There is a saying that a good lawyer knows the law but a great lawyer knows the judge. Allow me to toot my own horn.
Recently I represented one of four codefendants in a massive shoplifting spree. All four codefendants had lawyers and all four cases were set on the same trial date. The prosecution offered guilty pleas to two counts of theft and would recommend probation to the judge. Three of the defendants on the advice of their attorneys took these guilty pleas expecting to get probation.
I investigated the evidence further and was very concerned with what this particular judge would do with a shoplifting spree of this nature. The three defendants who were pleading guilty would admit to going through no less than four different stores in a one-hour time span stealing over $1500 worth of merchandise. Even though the prosecution was recommending probation I was concerned that the judge would incarcerate these other defendants. My client was also a green card holder and a felony conviction, which was offered, would have exposed him to immigration consequences including deportation.
Based on my investigation and uneasiness I elected to go to trial.
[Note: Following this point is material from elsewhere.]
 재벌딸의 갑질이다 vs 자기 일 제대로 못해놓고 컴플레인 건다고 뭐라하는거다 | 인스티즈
Before my client's trial began the other defendants actually pled guilty in front of the judge and each defendant received either six months in jail or three months in jail and the judge set an appeal bond of $50,000. This basically guaranteed that these defendants would remain in jail while the matter worked its way through the system. I was very pleased not to take the guilty plea on behalf of my client.
Based on the fact that the judge had now heard three guilty pleas and was quite familiar with the "facts" of the case it was decided that this judge might not be able to fairly hear this case. Because we elected a trial we were sent to a different judge for the trial.
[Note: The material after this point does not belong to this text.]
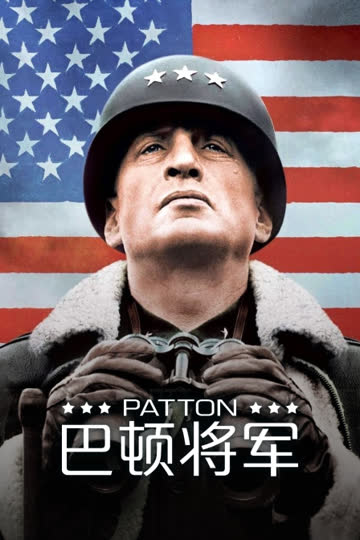 巴顿将军 海报 高清在线观看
In my case my client was charged with six counts of various forms of theft. After the trial my client was acquitted of five of the six counts. On the only count upon which he was convicted in my case, he was sentenced to 30 days of jail which is certainly much better than three months or six months in jail. Further, my client's appeal bond was only $4000 instead of $50,000. Knowing what the judge might do and fighting for my client saved my client a great deal of jail time.